### Exercise prompt
Your copy of the lines below must match them exactly and contain no images.

### Given information
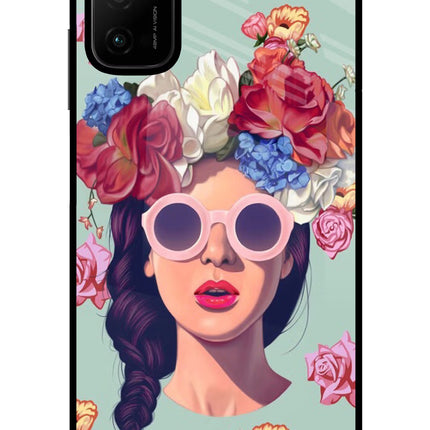 Pretty Girl Poco M3 Pro 5G Glass Case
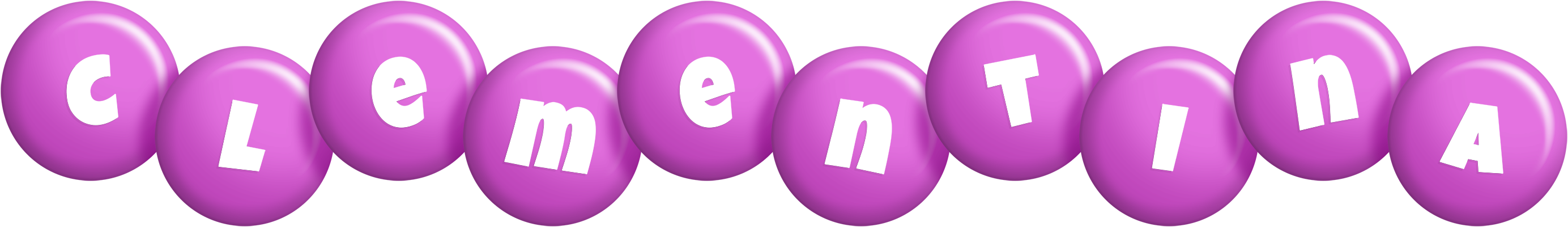 Clementina candy-purple logo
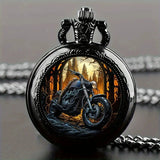 Retro Golden And Silvery Double Dragon Quartz Pocket Watch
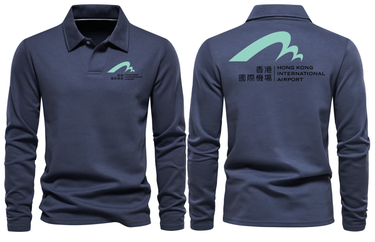 HK AIRPORT LONG SLEEVE POLO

### Exercise response
 Pretty Girl Poco M3 Pro 5G Glass Case
 Clementina candy-purple logo
 Retro Golden And Silvery Double Dragon Quartz Pocket Watch
 HK AIRPORT LONG SLEEVE POLO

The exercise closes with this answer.